To achieve the mass ALK inhibitor cancer balance, the total amount of vanillin was determined

using one or both the calibration curves depending on the vanillin structures present in the media. After the validation of the methods used for the quantification of the biomolecules, their partition coefficients were addressed. The partition analysis of these ATPS was assessed making use of the logarithmic function of the partition coefficient (log K). According to Fig. 2, it is observed that vanillin and l-ascorbic acid preferentially migrate to opposite phases, the top and bottom phases, respectively. While vanillin preferentially migrates to the alcohol-rich phase (log K > 0), l-ascorbic acid has a higher affinity for the salt-rich phase (log K < 0). Aiming at explaining the preference of the acid for the salt-rich phase, some assumptions can be taken into account. The first is related to the l-ascorbic acid chemical structure (depicted in Fig. 2). This biomolecule is highly polar and has the capacity to establish a vast number of hydrogen bonds with water, having more affinity to the

more hydrophilic (salt-rich) phase. In an opposite way, vanillin is less Selleck Enzalutamide polar since it presents a lower number of hydrogen-bond acceptors, and has a consequently higher aptitude for the hydrophobic (alcohol-rich) phase.
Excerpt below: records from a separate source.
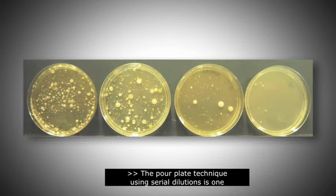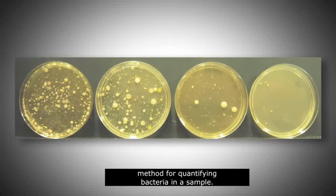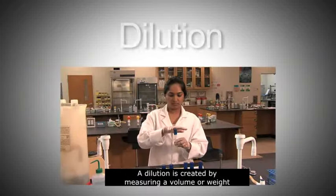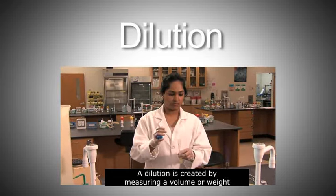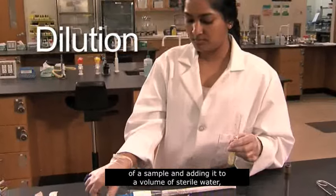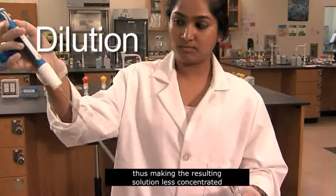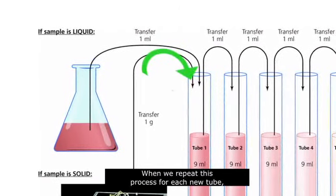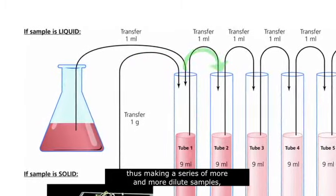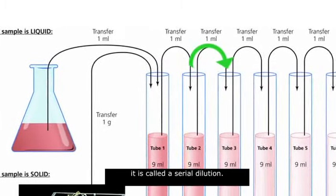The pour plate technique using serial dilutions is one method for quantifying bacteria in a sample. A dilution is created by measuring a volume or weight of a sample and adding it to a volume of sterile water, thus making the resulting solution less concentrated than the original. When we repeat this process for each new tube, making a series of more and more dilute samples, it is called a serial dilution.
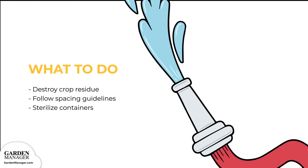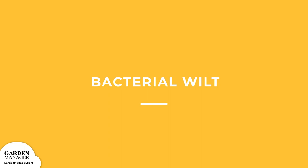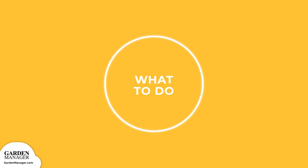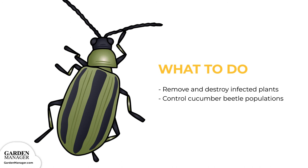Bacterial wilt: a disease that causes leaves to wilt on one or more vines, and eventually plants can die completely. Remove and destroy any infected plants and control cucumber beetle populations, since beetles can spread the bacterial wilt disease.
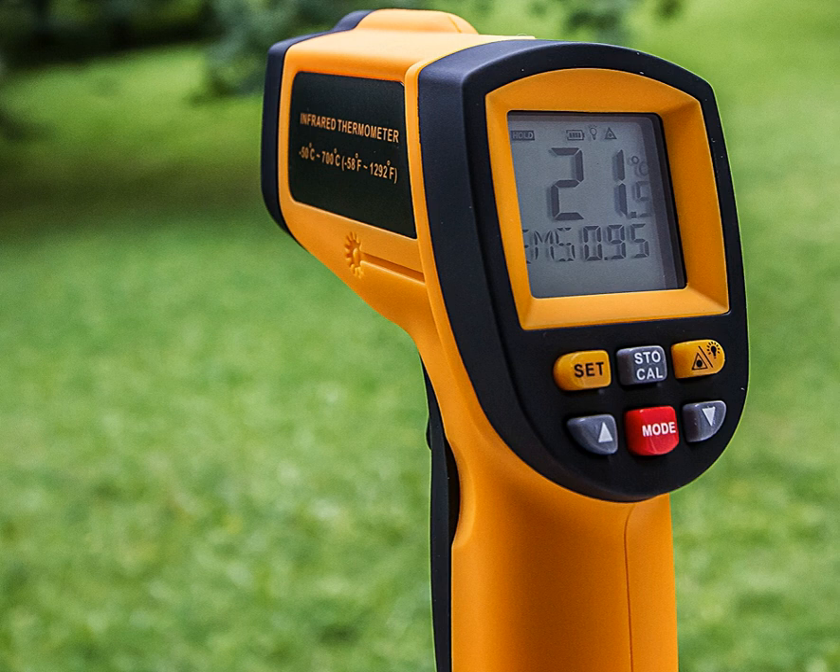At times of epidemics of diseases causing fever, such as SARS coronavirus and Ebola virus disease, infrared thermometers have been used to check arriving travelers for fever. There are many varieties of infrared temperature sensing devices, both for portable and handheld use and as fixed installations.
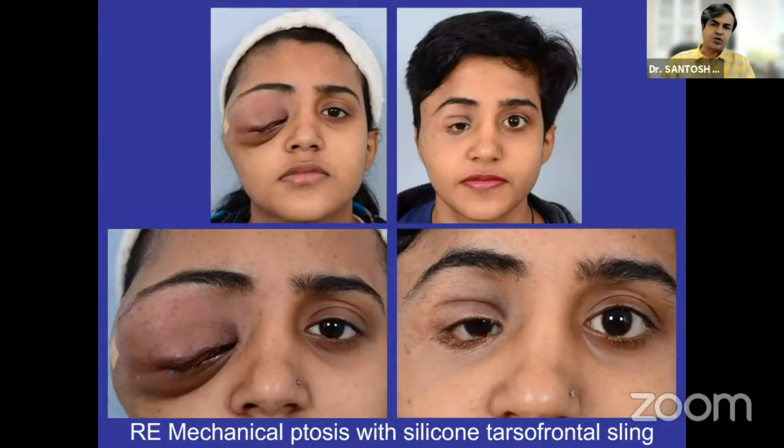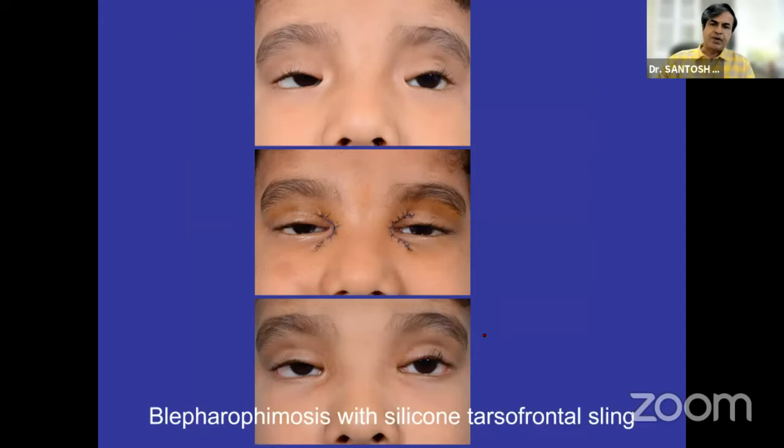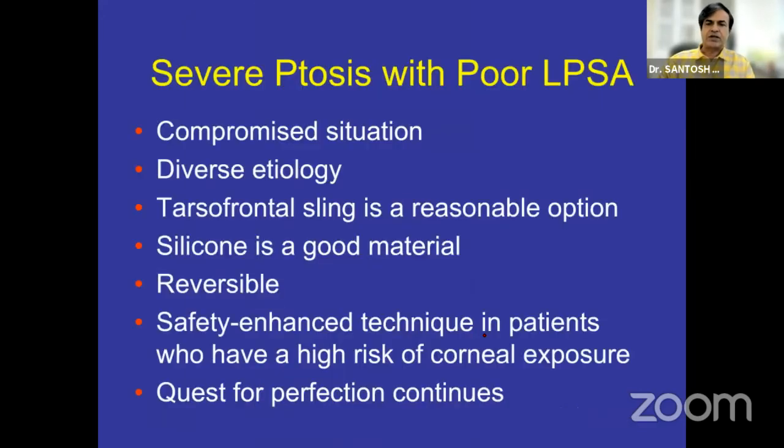In patients with neurofibromatosis, you can debulk and then do a sling. Silicon sling can take the weight of the bulky eyelid despite having residual neurofibromatosis. In traumatic ptosis where levator action is poor, you can again do a sling — and again to show that lagophthalmos is not so severe. Patients with blepharophimosis can also be treated with bilateral silicon tarsofrontal sling.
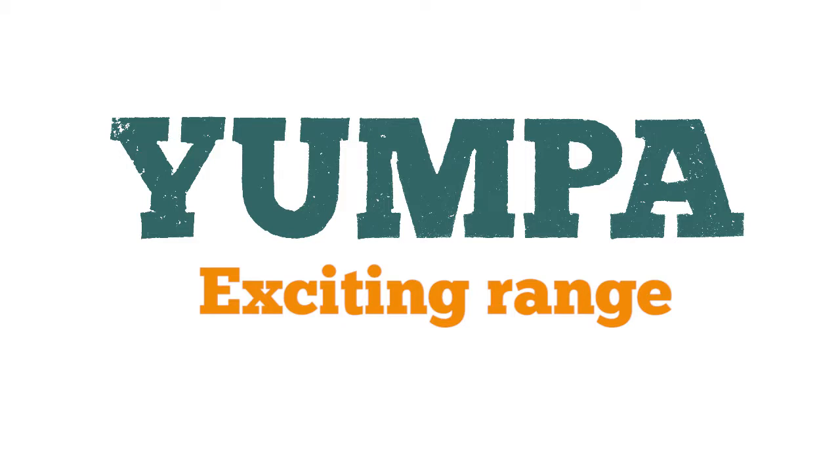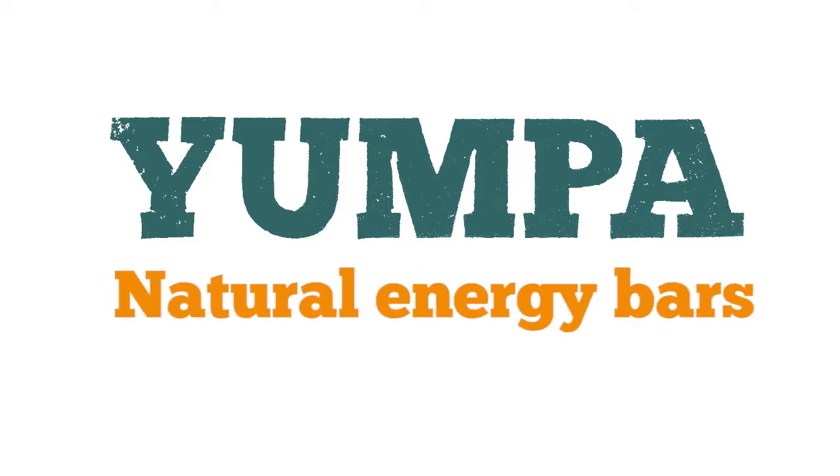Yumpur is an exciting range of natural energy bars made with sustainable protein-packed cricket flour and other healthy treats.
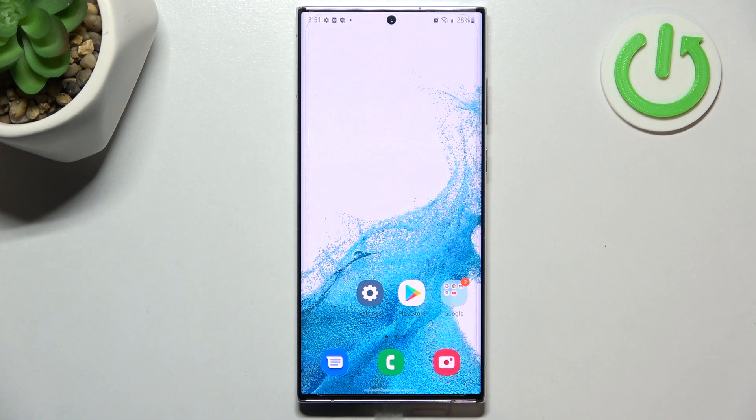Hi everyone! In front of me I've got the Samsung Galaxy S22 Ultra, and let me share with you how to virus scan your device.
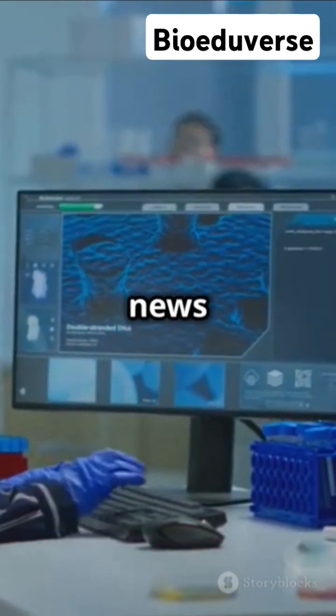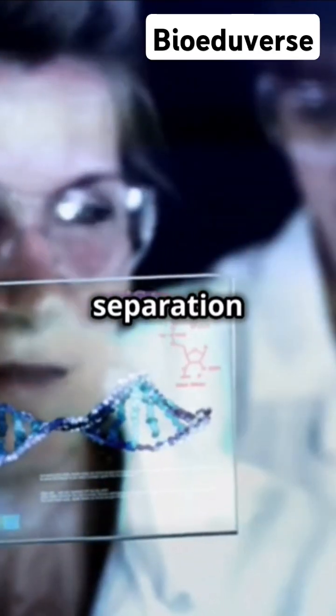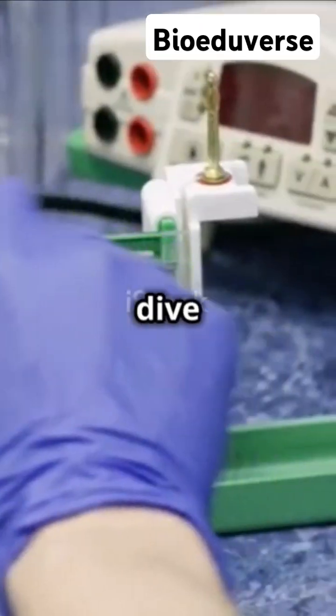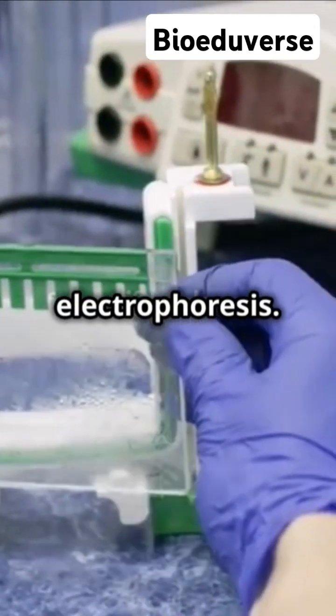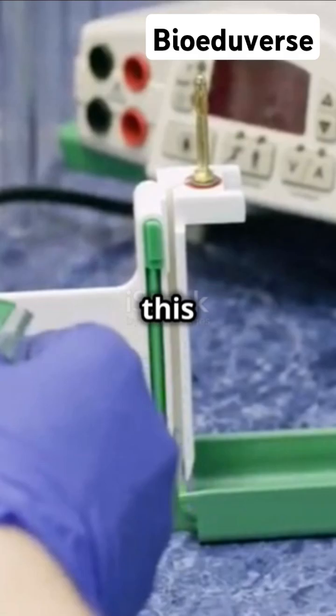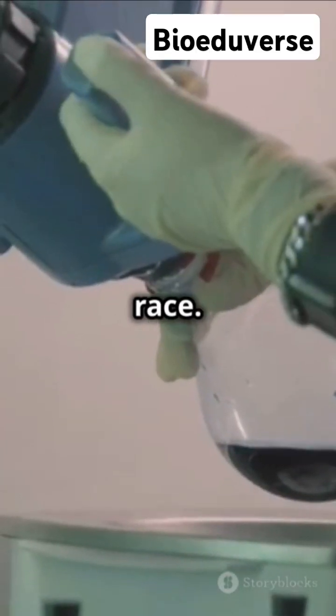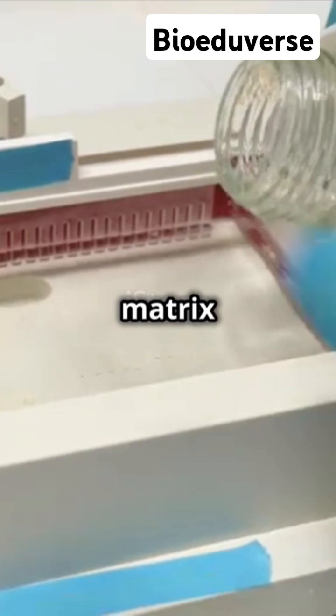I'm sure you've heard the news — DNA separation just got a whole lot simpler. Let's dive into gel electrophoresis. Picture this: gel electrophoresis is like a molecular race. We use a gel matrix as the track and an electric current as the starting gun. Our runners? DNA, RNA, or proteins.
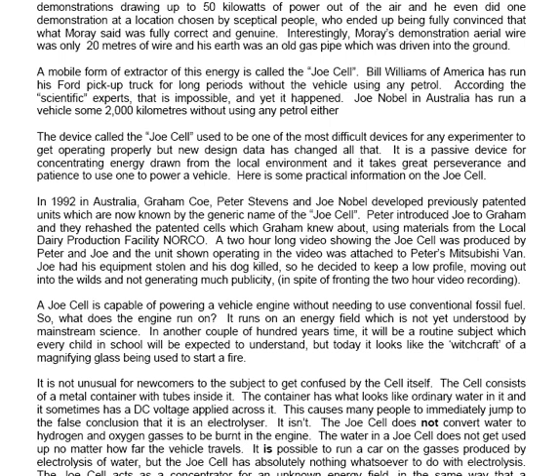In 1992 in Australia, Graham Coe, Peter Stevens and Joe Noble developed previously patented units which are now known by the generic name of the Joe Cell. Peter Stevens introduced Joe to Graham and they rehashed the patented cells using materials from the local dairy production facility, Norco. A two-hour long video showing the Joe Cell was produced by Peter and Joe, and the unit shown operating in the video was attached to Peter's Mitsubishi van. Joe had his equipment stolen and his dog killed, so he decided to keep a low profile.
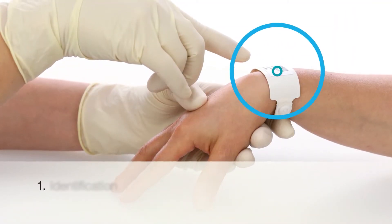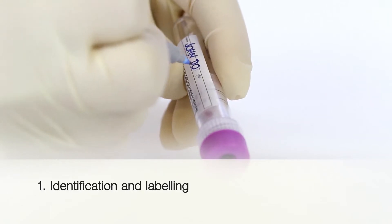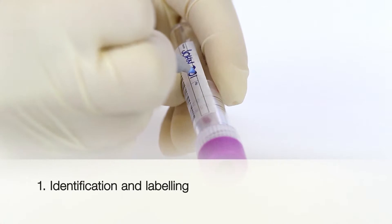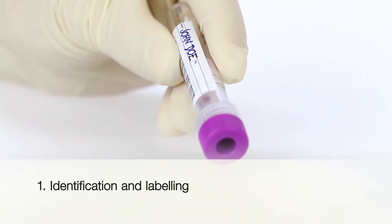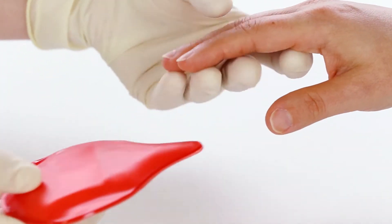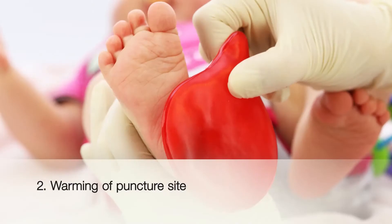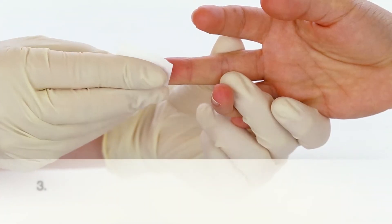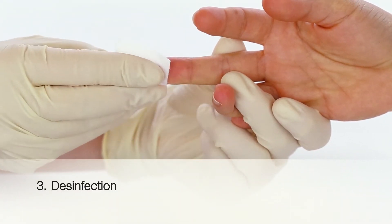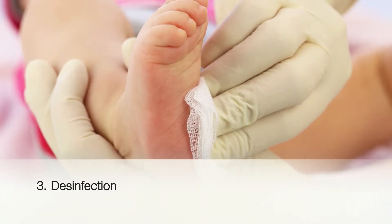Ensure that the patient is clearly identified before each puncture. Always follow the applicable guidelines in your institution to identify patients and label the sample containers. Prior to blood collection, it is recommended that the puncture site is warmed to help increase circulation. Simple heat packs can be used for this. Disinfect according to the guidelines of your institution and wait until the puncture site is dry.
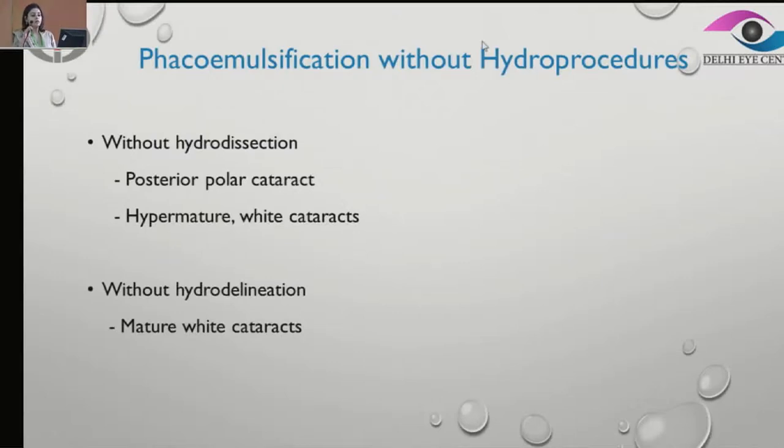My next topic is phacoemulsification without hydro procedures. What are the situations in which we might have to carry out phacoemulsification without doing a hydrodissection? First, posterior polar cataracts, because there is a risk of posterior capsular rupture in these patients. Also, hypermature white cataracts, because the cortical matter is very loose and there is hardly anything sticking to the bag.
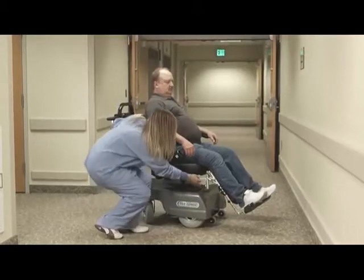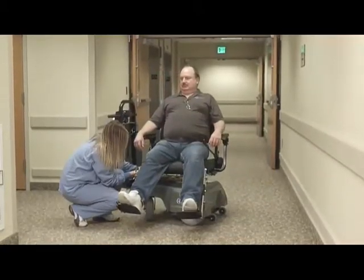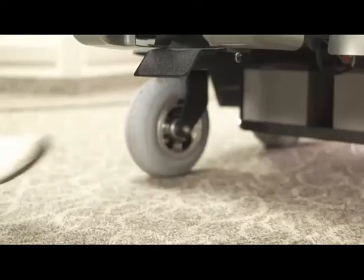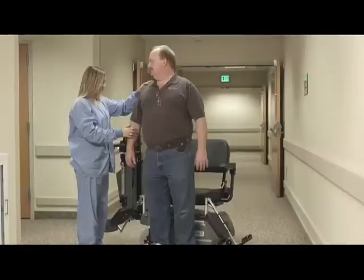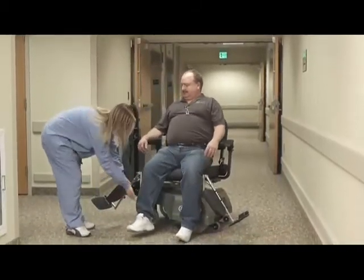Included in the many features of the PTC is the swivel seat for easy access. Before loading or unloading patients, first depress the foot lever, which locks the chair in place. This keeps the chair from rotating while transferring patients in or out of the chair.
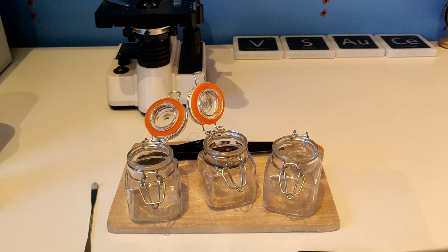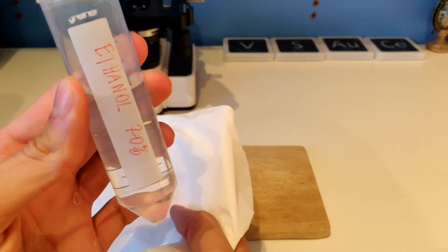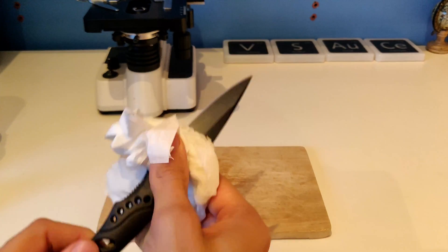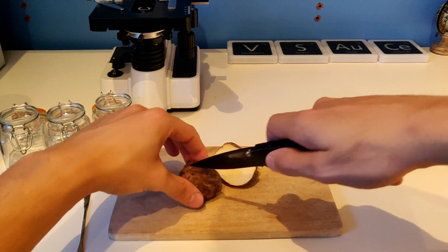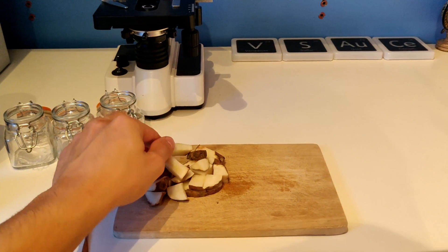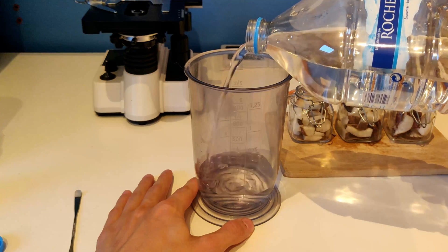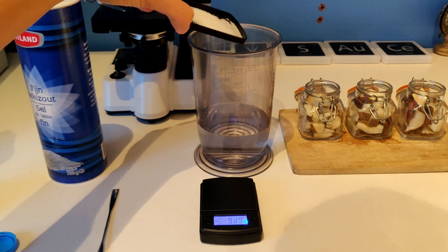I tested a fermentation setup for the presence of any bacteria and potentially some new species. For the fermentation you need a closable jar and something to cut your vegetables with. After cleaning everything with some ethanol, except the vegetables which harbor the bacteria of interest, you cut the vegetables in pieces that fit the jar. I used a Jerusalem artichoke but you can use any vegetable or fruit. You need to squeeze the pieces in place so they won't float when you add your salt solution. Next I had to make the 2% salt solution, so I added 5 grams of salt to 250 ml of water.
This trend is also in close agreement with the 1-octanol–water partition coefficients reported in literature for each biomolecule. Reported experimental Orotidine 5′-phosphate decarboxylase values of this parameter, log Kow = 1.19 ( Noubigh et al., 2010) for vanillin and log Kow = −1.85 ( Takács-Novak & Avdeef, 1996) for l-ascorbic acid, show that these molecules have a different hydrophilic/lipophilic aptitude. l-ascorbic acid is more hydrophilic (log Kow < 0), while vanillin is more hydrophobic (log Kow > 0). The partition results obtained here are indeed in good agreement with the log

Kow values ( Noubigh et al., 2010 and Takács-Novak and Avdeef, 1996), suggesting that the molecules’ hydrophobicity control the partition nature of these ATPS. Moreover, in order to evaluate the alcohol and salt influence in the partitioning of both biomolecules, the recovery percentages of vanillin in the top phase (Rvan−T) and l-ascorbic acid in the bottom phase (RAA−B), were also evaluated and are presented in Fig. 3. For all the aqueous systems studied, the recovery of vanillin for the alcohol-rich phase is between (98.37 ± 0.08)% and (99.94 ± 0.01)%, while the recovery of l-ascorbic acid for the salt-rich phase is between (85.15 ± 1.27)% and (95.50 ± 0.19)%. Finally, the recovery results obtained also show that the effect of the alcohol molecular structure on the extraction of both antioxidants is marginal; yet, stronger salting-out inducing inorganic salts, namely K3PO4 and K2HPO4, largely enhance the recovery achieved at each phase.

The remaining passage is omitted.